No, these data were taken on a sample of adults and can only be used to make predictions on an adult population. Children do not belong to the population from which the sample was collected.
The following regression output is for predicting the heart weight (in g) of cats from their body weight (in kg). The coeffcients are estimated using a data set of 144 domestic cats.
Parameter | Estimate | Std. Error | t value | Pr(>|t|) |
---|---|---|---|---|
(Intercept) | -0.357 | 0.692 | -0.515 | 0.607 |
body wt | 4.034 | 0.250 | 16.119 | 0.000 |
s=1.452 R\(^2\)=64.66% R\(^2_{adj}\)=64.41%
Note that the people who made the measurements here made a physics error. Grams and Kilograms measure mass. Weight is the force of gravity applied to an object by Earth, and is measured in Newtons or dynes. Weight increases as mass increases by Newton’s universal law of gravitation, but they are not equivalent.
\(y = -0.357g+4.034*x\)
Where y is heart mass in grams, and x is body mass in Kg.
The intercept here means error in the data has caused an off-set between the body mass and heart mass.
Mass as defined by physics measures an objects inertia and how strongly it interacts with gravity.
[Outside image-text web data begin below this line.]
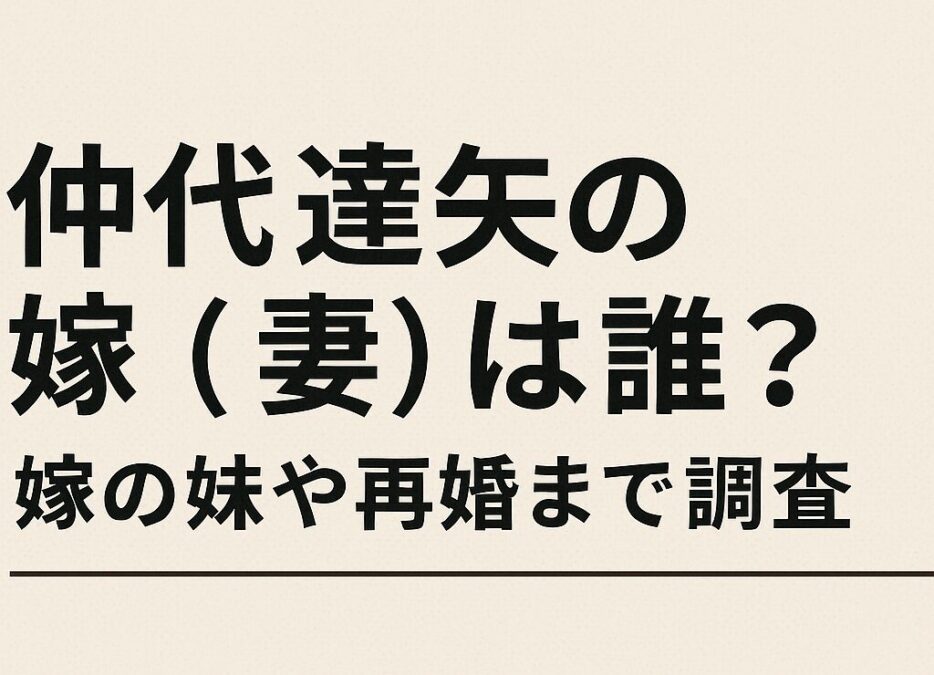 仲代達矢の嫁(妻)は誰?嫁の妹や再婚まで調査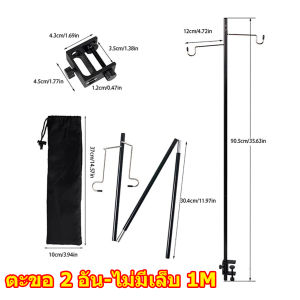 เสาแขวนตะเกียง เสาแขวนไฟแคมป์ปิ้ง เสาแขวนไฟ ขาตั้งไฟแคมป์ปิ้ง เสาไฟแคมป์ปิ้ง ราวแขวนตะเกียงสำหรับโคมแขวน ขาตั้งไฟตกปลาป่า ขาตั้งโคมไฟ เสาไฟตั้งแคมป์กลางแจ้งแบบพกพาพับอลูมิเนียมอัลลอยด์ ความสูง 1.2 ม. สำหรับโคมแขวน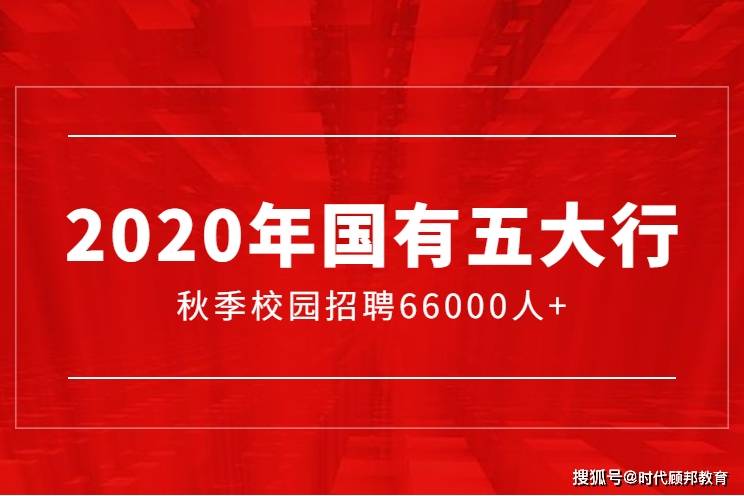 鹤岗最新招聘2024，引领科技新时代，智能生活新篇章开启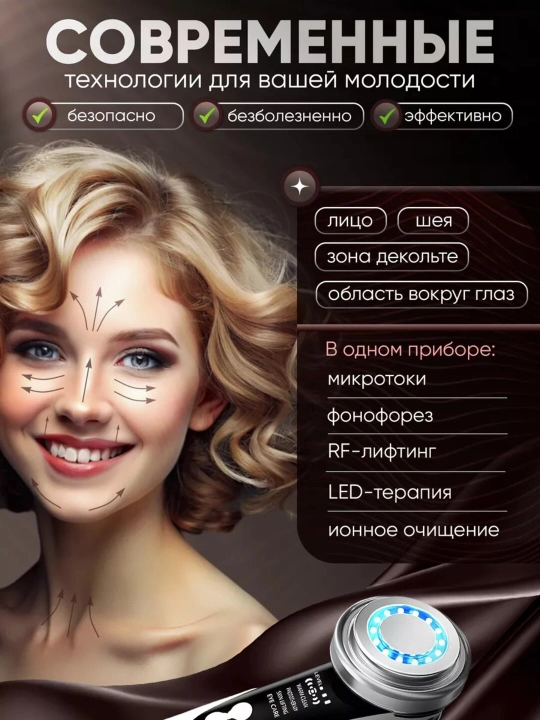 Микротоковый массажер для лица профессиональная чистка RF, EMS, LED, лифтинг уход за кожей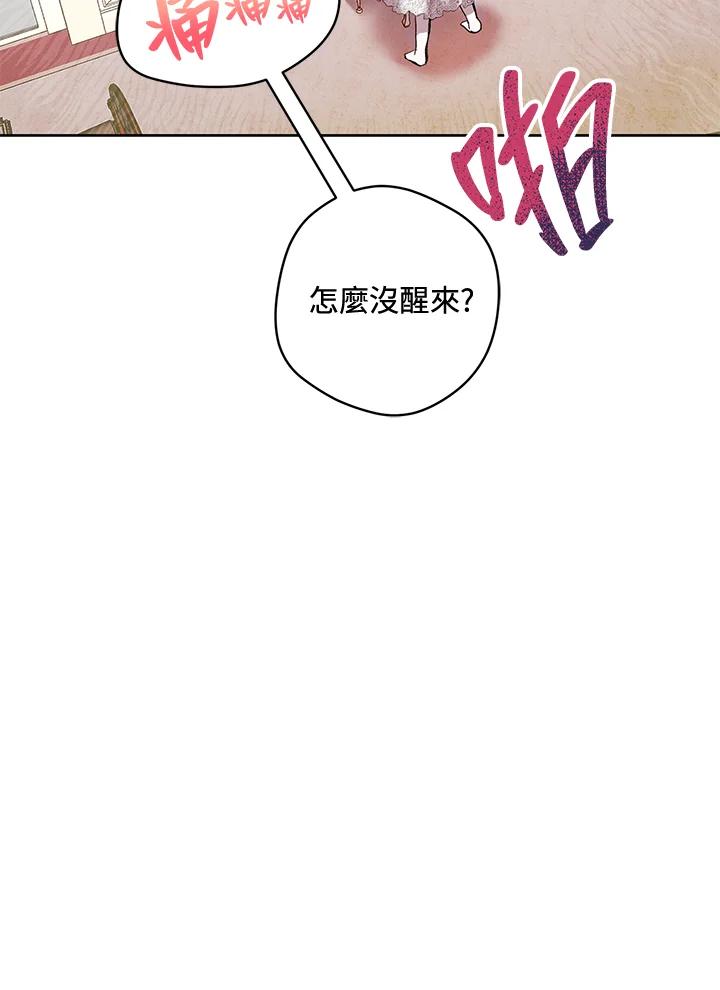 《做个恶女好安逸？》第2话 第11页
In both cases, material objects like cats and their hearts must have mass greater than 0. A literal interpretation of the slope would be non-physical.
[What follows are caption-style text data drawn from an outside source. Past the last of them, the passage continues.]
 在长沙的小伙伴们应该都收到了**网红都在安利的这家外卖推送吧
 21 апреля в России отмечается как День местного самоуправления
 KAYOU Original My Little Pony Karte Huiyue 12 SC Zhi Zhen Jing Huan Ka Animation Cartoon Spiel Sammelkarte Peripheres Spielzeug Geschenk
For every 1 kg a cat increases in mass, their hearts mass increases by 4.034 grams.
64.66% of our model is explained by the cat’s body mass.
\[ R = \sqrt(0.6466) \\ R = 0.8041144 \]
Many college courses conclude by giving students the opportunity to evaluate the course and the instructor anonymously. However, the use of these student evaluations as an indicator of course quality and teaching effectiveness is often criticized because these measures may reflect the influence of non-teaching related characteristics, such as the physical appearance of the instructor. Researchers at University of Texas, Austin collected data on teaching evaluation score (higher score means better) and standardized beauty score (a score of 0 means average, negative score means below average, and a positive score means above average) for a sample of 463 professors.
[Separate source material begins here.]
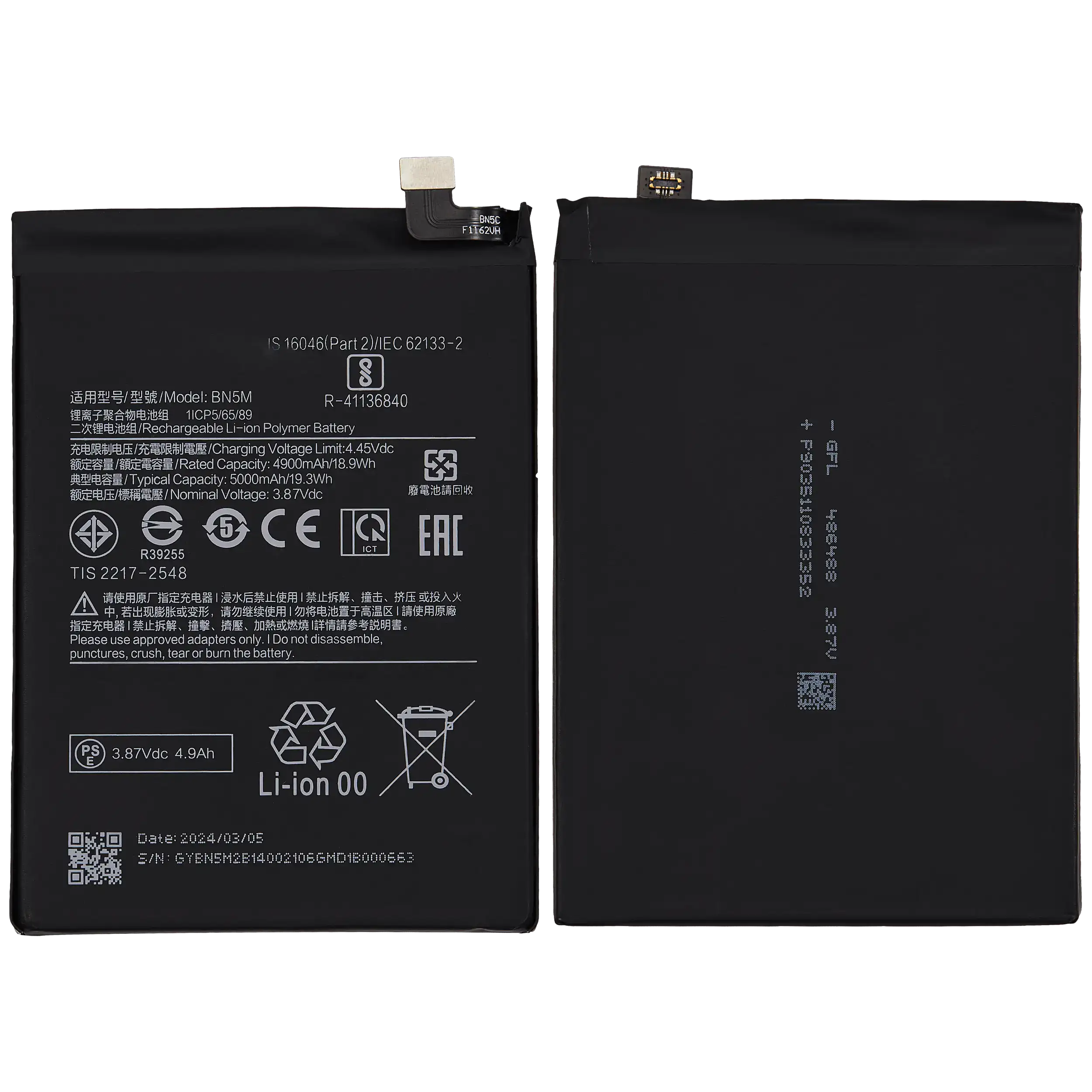 Ersatzakku für Xiaomi Redmi Note 12 4G (BN5M)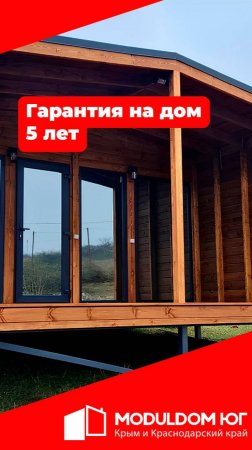 О гарантии на наши дома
The scatterplot below shows the relationship between these variables, and also provided is a regression output for predicting teaching evaluation score from beauty score.
Parameter | Estimate | Std. Error | t | value Pr(>|t|) |
---|---|---|---|---|
(Intercept) | 4.010 | 0.0255 | 157.21 | 0.0000 |
beauty | \(\boxed{\space \space }\) | 0.0322 | 4.13 | 0.0000 |
\[ \beta_0 = \bar{y} - \beta_1 \bar{x} \\ \beta_1 \bar{x}= \bar{y}-\beta_0 \\ \beta_1 = \frac{\bar{y}-\beta_0}{\bar{x}} \\ \beta_1 = \frac{3.9983-4.010}{-0.0883} \\ \beta_1 = 0.1325028 \] (b) Do these data provide convincing evidence that the slope of the relationship between teaching evaluation and beauty is positive? Explain your reasoning.
The p-values of the slope and intercept are both <0.05, so the model is statistically significant. The slope seems large enough given the ration of the range of the variables is \((5.0-2.0)/(2.0--1.5)= 0.8571429\). I would say that this means that there is practical significance that appearance has an effect on professor evals.
Constant variance - The residuals look randomly scattered about 0 when plotted in order of collection. Normally Distributed Residuals - Data has a slight left skew but looks fairly Normal in the QQ plot and Histogram. Linearity - The residuals look randomly scattered about 0 when plotted vs beauty.
I would say that the conditions for linear regression are satisfied.